This repository contains code used for the p50 infertility project. There are two separate tasks:
- Running CELLECT on ovary datasets with infertility and hormone GWAS sumstats to prioritise etiologic cell types.
- Finding marker genes for clusters from the ovary datasets.
Using CELLEX and CELLECT on single cell RNA-seq ovary datasets with infertility GWAS summary statistics
To use CELLEX and CELLECT, follow the instructions on their github repositories.
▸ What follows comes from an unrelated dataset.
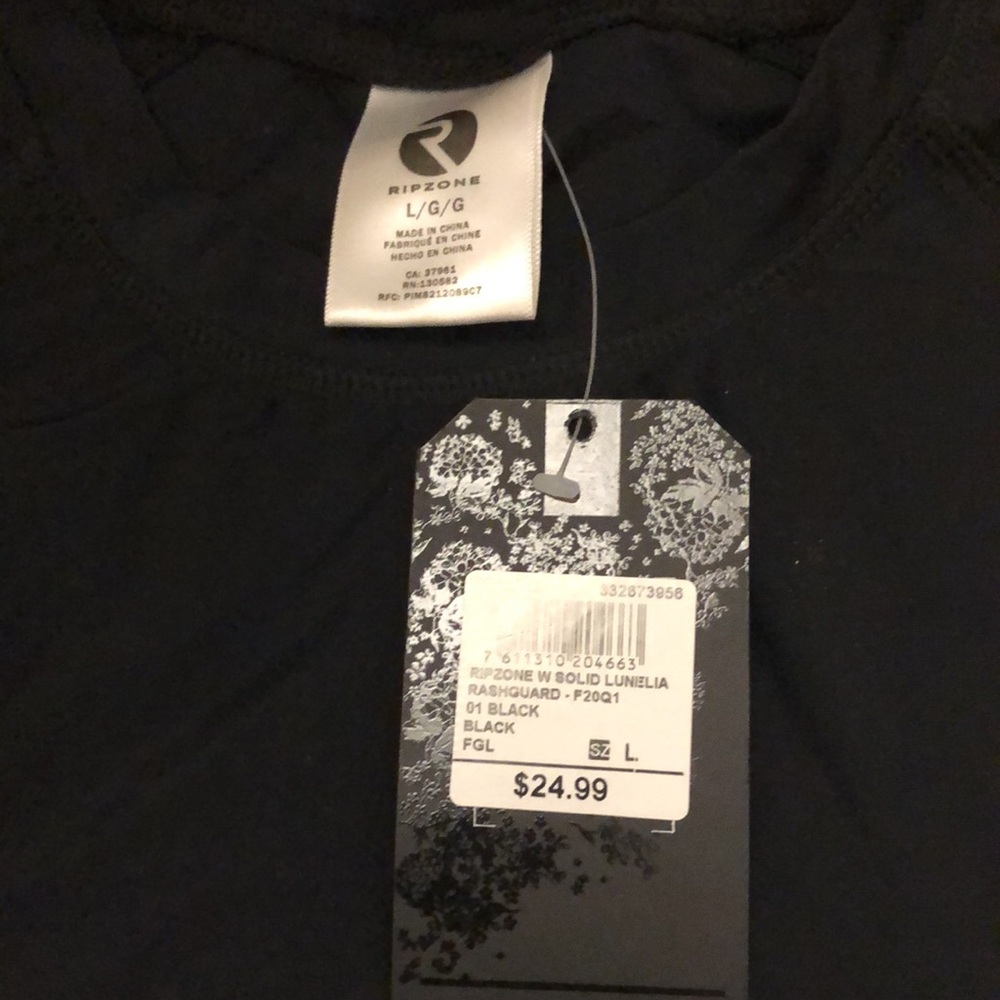 Women’s size LG Ripzone Rash Guard/ Swim Shirt - Picture 3 of 4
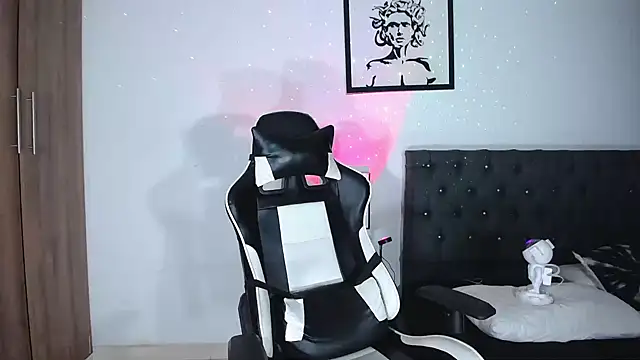 Snapshot of AlanNaughty chatting on November 2025 05:40:01 AM AlanNaughty online show from November 2025 05:40:01 AM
Once the CELLECT directory is cloned from their github, create a subdirectory p50 for this project.
The basic directory structure for the p50 infertility project work:
|-- cluster_markers
| |-- GSE118127
| |-- GSE202601
| `-- GSE213216
|-- data
| |-- counts
| |-- esmu
| `-- sumstats
|-- dbSNP
|-- logs
`-- plots
- CELLECT_OUT_p50 - Created when CELLECT is run. Contains CELLECT output files.
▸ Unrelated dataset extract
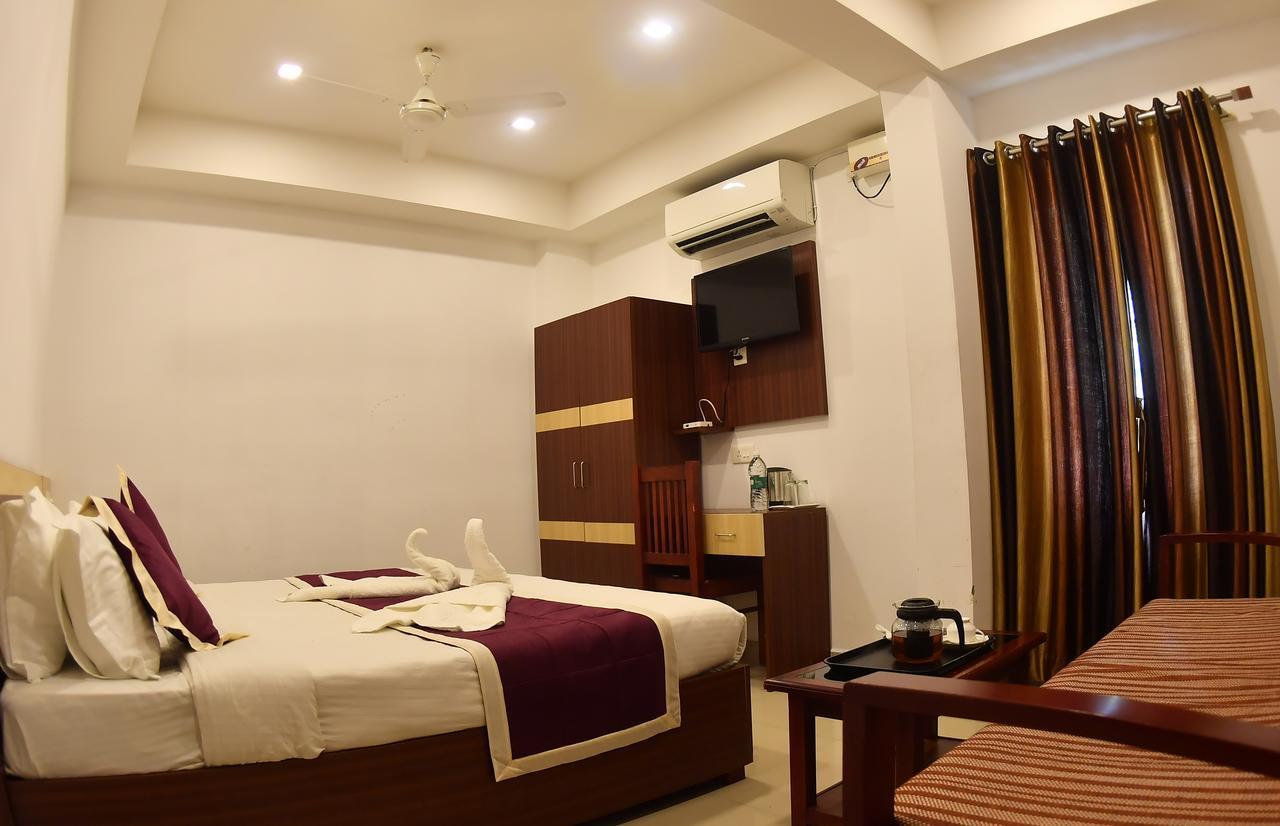 Oyo 18604 Puthens Capitol Inn Kochi Ngoại thất bức ảnh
- cluster_markers - Store cluster_marker_genes output files here.
- data - Store input data for CELLEX and CELLECT here.
- dbSNP - Store the MarkerName to RSID map file here.
- logs - For logs.
- plots - Store plots generated from CELLECT results here.
Once the directory structure is set up, follow the pipeline below.
- Download data
We need scRNA-seq count data and the corresponding cell type annotations metadata. We also need GWAS summary statistics (in-house). See datasets for more information. - Set up environments
Download required packages/create the recommended conda environments. More information is given in set_up. - Prepare ESMU files (run CELLEX)
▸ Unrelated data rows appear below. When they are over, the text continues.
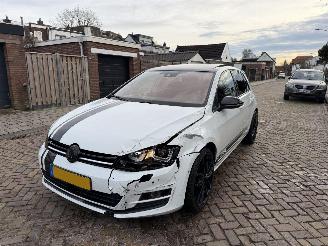 Voiture accidenté Volkswagen Golf 1.4 TSI DSG AUTOMAAT 2014/1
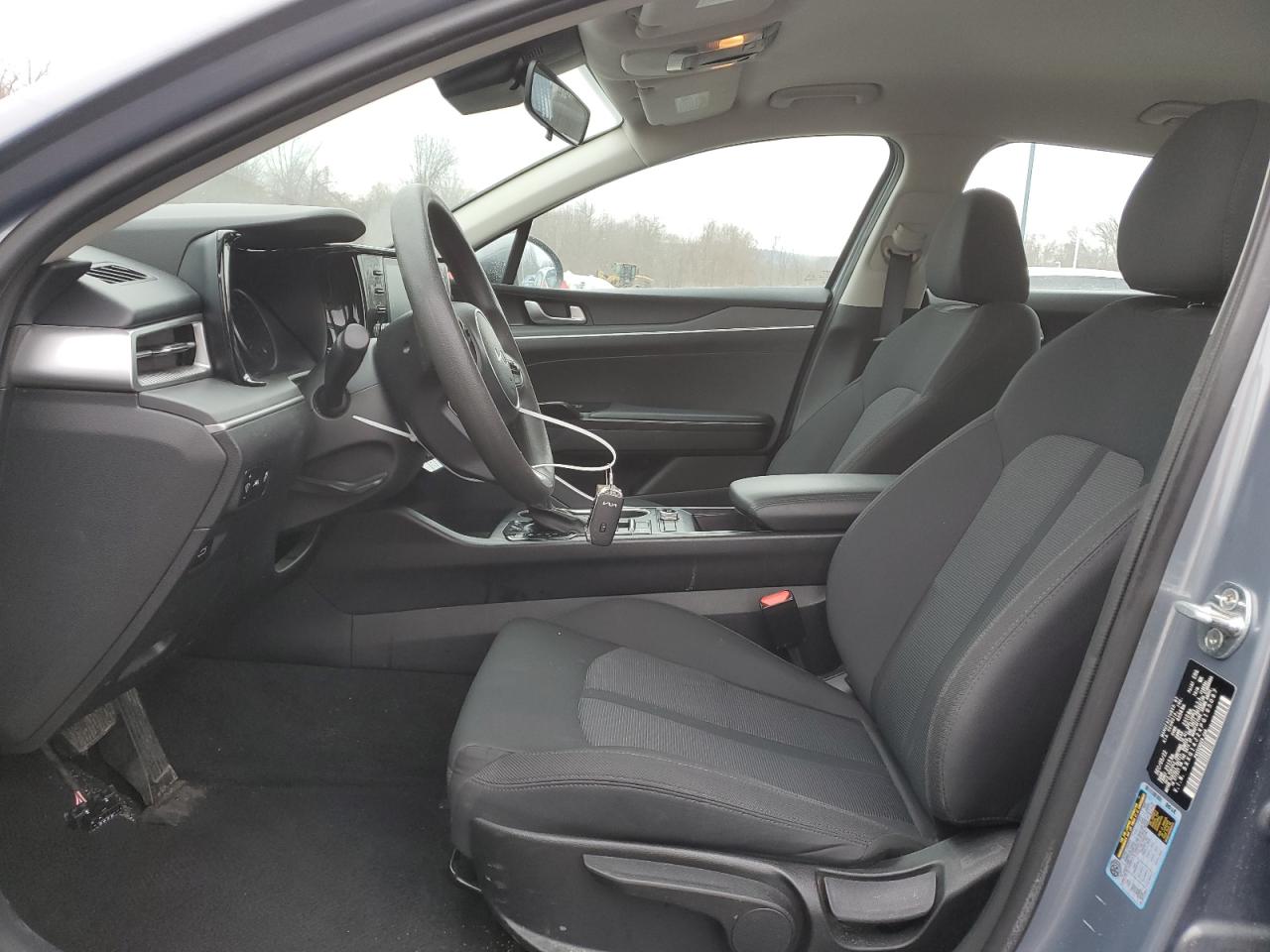 2023 Kia K5 - Image 7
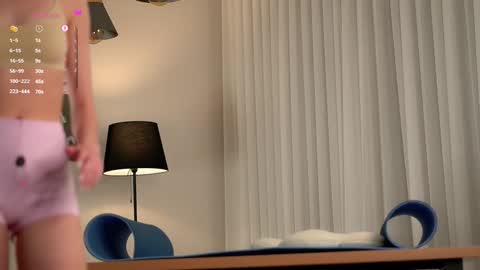 Snapshot of shanelfun chatting on 24, 11, 2025 Emmy online show from 24, 11, 2025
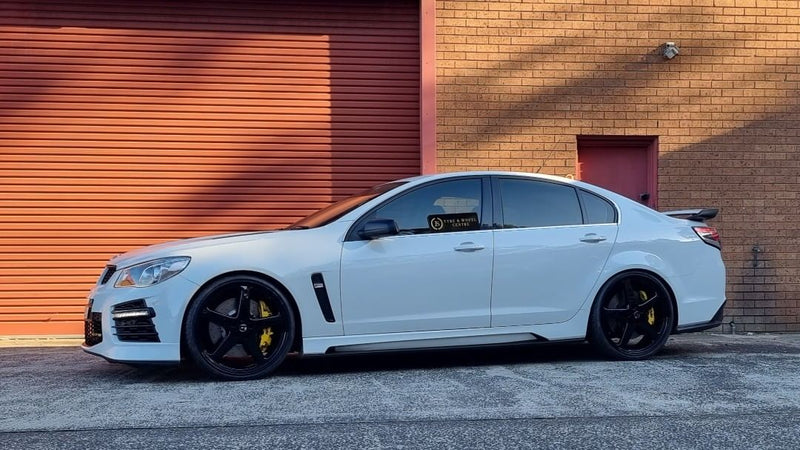 Load image into Gallery viewer, Rseries WS MAX 20" 5X120 Gloss Black Wheels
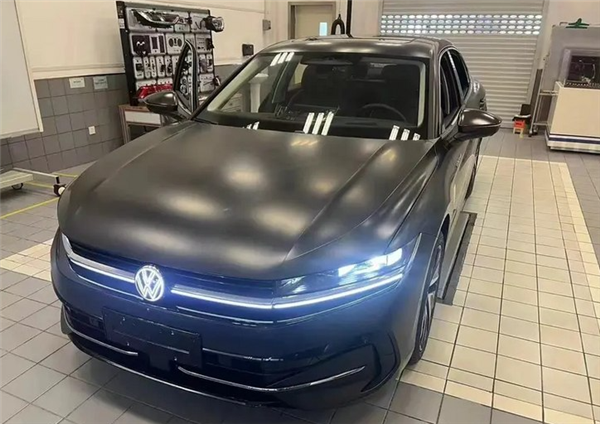 三屏內飾上車！全新一代大眾邁騰車內實拍曝光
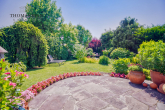 Wohlfühlhaus mit Wellnessoase und Bilderbuchgarten in ruhiger Wohnlage - Terrasse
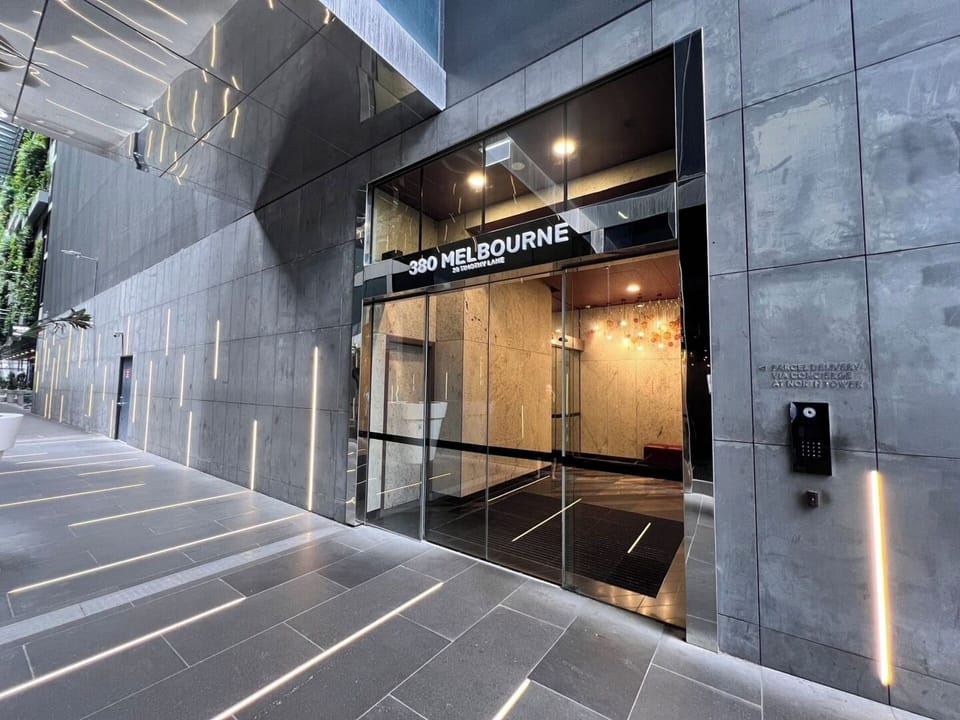 The building main entrance 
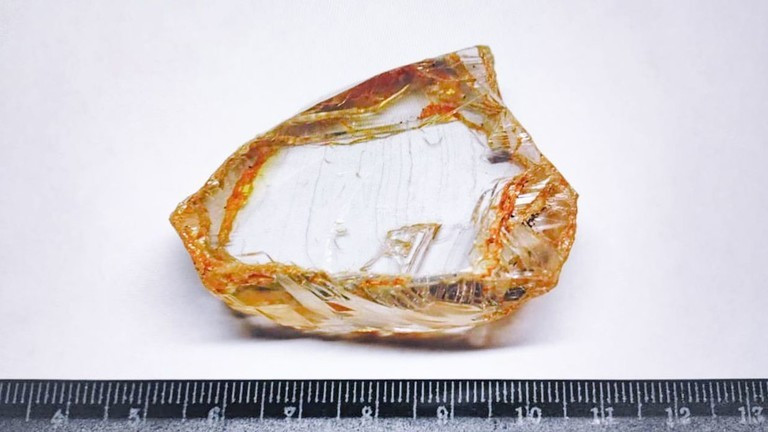 Dao duoc vien kim cuong khong lo 390 carat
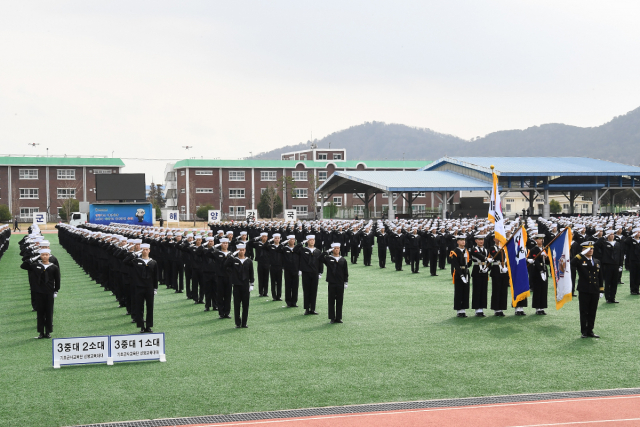 7일 경남 창원시 해군교육사령부에서 해군병 700기 수료식이 진행되고 있다. 사진 제공=해군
Using the counts and cell type annotations metadata as input, we use CELLEX to produce expression specificity files (ESMU). See prepare_esmu for R and python code used to prepare data and run CELLEX. - Prepare sumstats file
Use the pipeline provided in prepare_sumstats to prepare the GWAS summary statistics for input to CELLECT. - Run CELLECT
Using munged summary stats and ESMU files as input, we use CELLECT to prioritise etilogical cell types. Use the config_p50.yml file provided. See run_cellect. - Visualisation
Use R to visualise the results. See visualisation.
Find cluster gene markers for three single cell RNA-seq ovary datasets. See cluster_marker_genes.